Wirbelsturm über Vanuatu: Mindestens 24 Tote durch Zyklon "Pam"

Einige Inseln des Pazifikstaats Vanuatu sind schwer verwüstet. Jüngste Zählungen gehen mindestens zwei Dutzend Toten aus. Für den Nothilfeeinsatz ist die abgeschiedene Lage von Vanuatu ein Problem.

Aufklärungsflüge im Katastrophengebiet von Vanuatu haben erste Befürchtungen zu den Zerstörungen von Zyklon „Pam“ bestätigt. „Es gibt Berichte über katastrophale Verwüstung auf den Inseln Erromango und Tanna im Süden, wo nicht aus Beton gebaute Gebäude komplett platt sind und die Betonbauten keine Dächer mehr haben“, sagte Colin Collett van Rooyan, Leiter des Büros der Hilfsorganisation Oxfam in der Hauptstadt Port Vila. Präsident Baldwin Lonsdale machte den Klimawandel für die Katastrophe mitverantwortlich.
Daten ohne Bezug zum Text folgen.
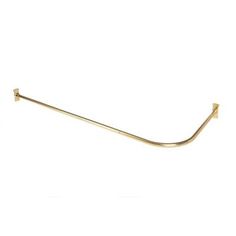 a gold metal towel bar on a white background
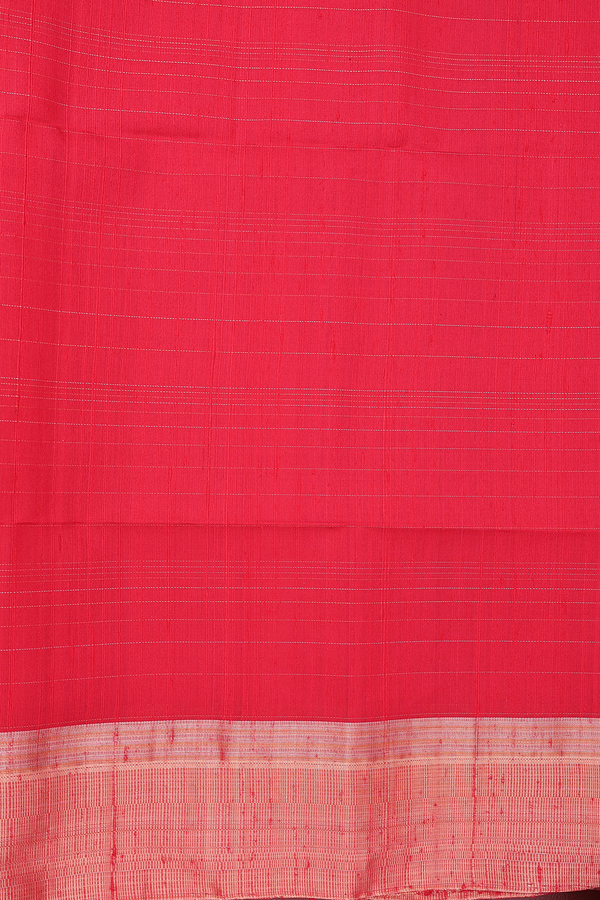 Raw Silk Saree In Chilli Red With Checks Design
Jüngsten Angaben zufolge kamen mindestens 24 Menschen ums Leben. Diese Zahl bestätigte das UN-Nothilfebüro OCHA in New York, bezog sich dabei aber auch auf Informationen der Regierung von Vanuatu.

Mit Blick auf die Folgen von „Pam“ sagte Orla Fagan von OCHA: „Das australische Militär hat nach dem Überflug erhebliche Zerstörung gemeldet. Wir machen uns große Sorgen um die südlichen Regionen.“ Immer noch gelang es Helfern nicht, die Inseln mit gut 30.000 Einwohnern zu erreichen. Erromango liegt mehr als 120 Kilometer südlich der Hauptinsel Efate, Tanna noch weiter südlich. Die nördlichen Inseln könnten dem schlimmsten entgangen sein, so Alex Mathieson von Oxfam, der bis vor kurzem in Port Vila lebte.
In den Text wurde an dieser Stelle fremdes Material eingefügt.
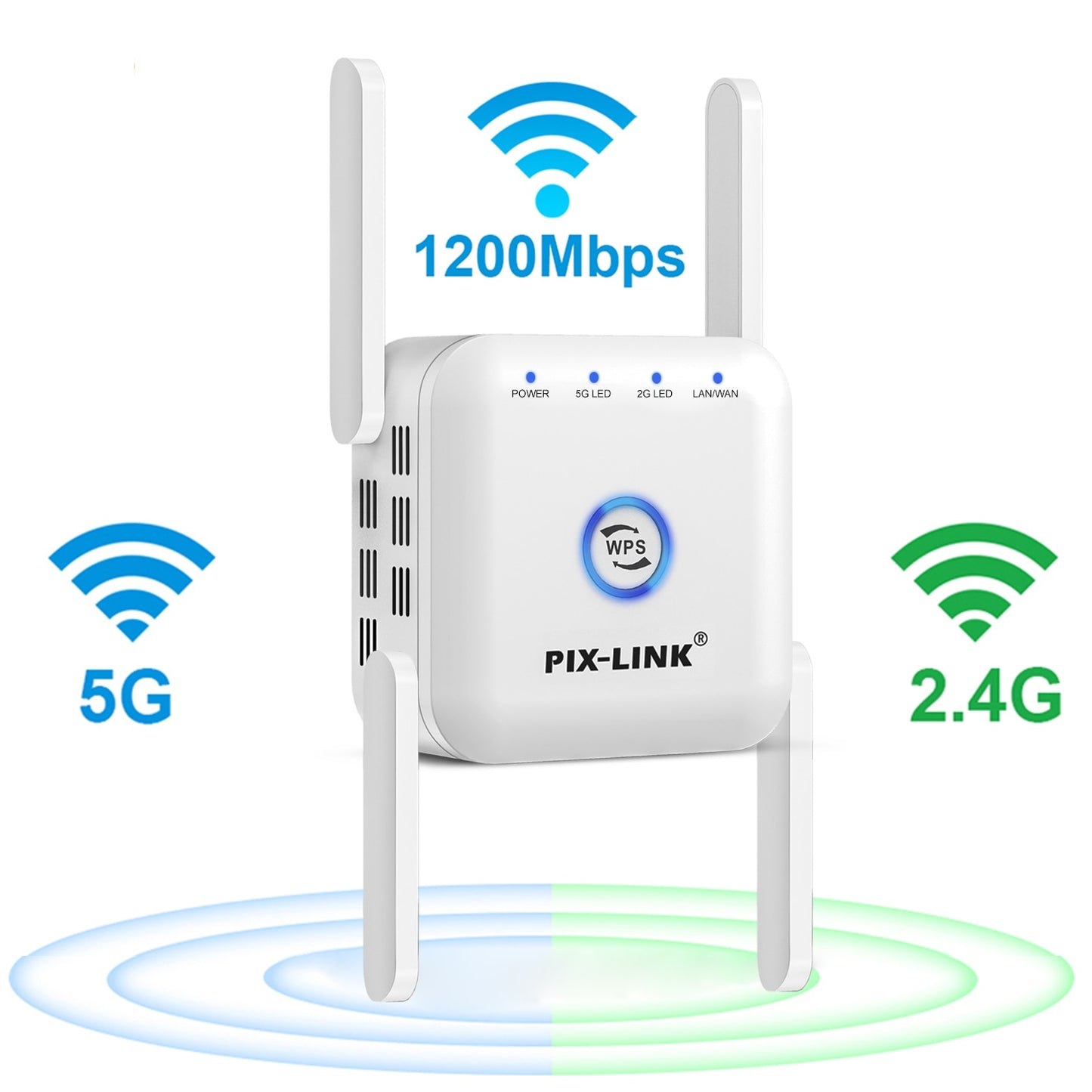 5G Wifi Repeater Wireless WiFi Amplifier Signal 1200 Mbps Wi-Fi Long Range Booster Home Wi Fi Extender 2.4G Internet Extender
Rooyan schloss nicht aus, dass mehr als ein Drittel der 250.000 Einwohner im ganzen Land obdachlos geworden seien. Die Zahl der Todesopfer war weiter ungewiss. Bislang bestätigt sind mindestens acht Tote. Auch Nachbarstaaten wie Tuvalu waren betroffen, wo die Hälfte der 10 000 Einwohner Hilfe brauchten, wie die Regierung sagte.
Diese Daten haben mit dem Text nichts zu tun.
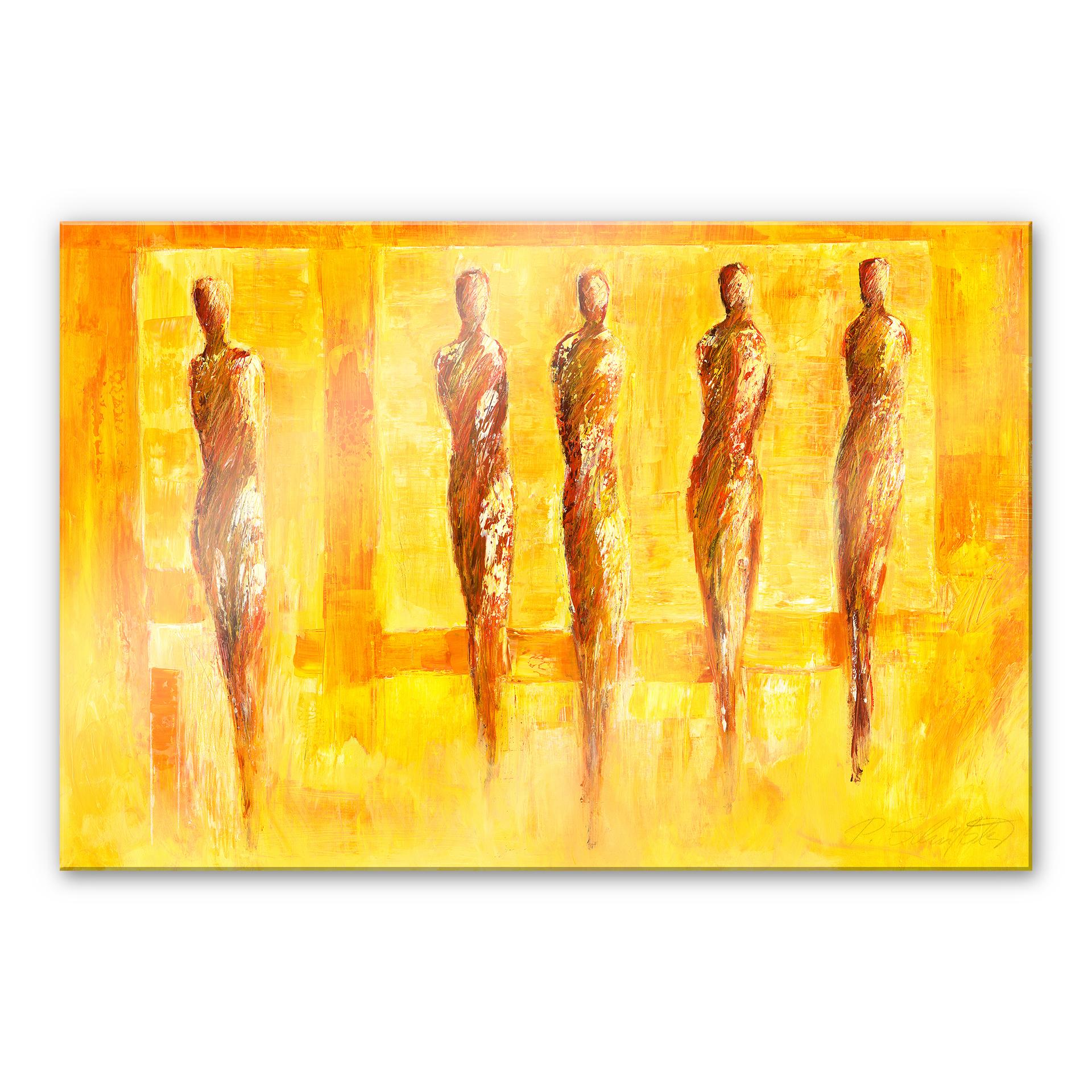 Akrylbillede Schüßler - Fem figurer i gult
Klimaexperten warnen vor weiteren Wirbelstürmen

Die südlichen Inseln lagen direkt im Auge des Zyklons, der in der Nacht zum Samstag über die Region nordöstlich von Australien gezogen war. Es war einer der mächtigsten je gemessenen Zyklone. Der Klimawandel trage zu solchen Wetterereignissen bei, sagte Präsident Lonsdale am Rande einer Konferenz zu Katastrophenschutz in Japan. Sein Land erlebe steigende Meeresspiegel und das Wetter sei unvorhersehbar geworden. Klimaexperten warnen seit langem, dass Treibhausgase in der Atmosphäre stärkere Wirbelstürme verursachen können. „Das Militär hat kleinere Flugzeuge zugesagt, wir gehen davon aus, dass die Inseln Dienstag angeflogen werden“, sagte Christopher Bartlett, Leiter des deutschen GIZ-Büros für internationale Zusammenarbeit.

Die GIZ koordiniert den Wiederaufbau der Landwirtschaft. Ein Großteil von Samen und Landwirtschafts-Werkzeug könnten vor Ort gekauft werden, das Material könne Bedürftigen gebracht werden, sobald Hilfsflüge eingerichtet seien.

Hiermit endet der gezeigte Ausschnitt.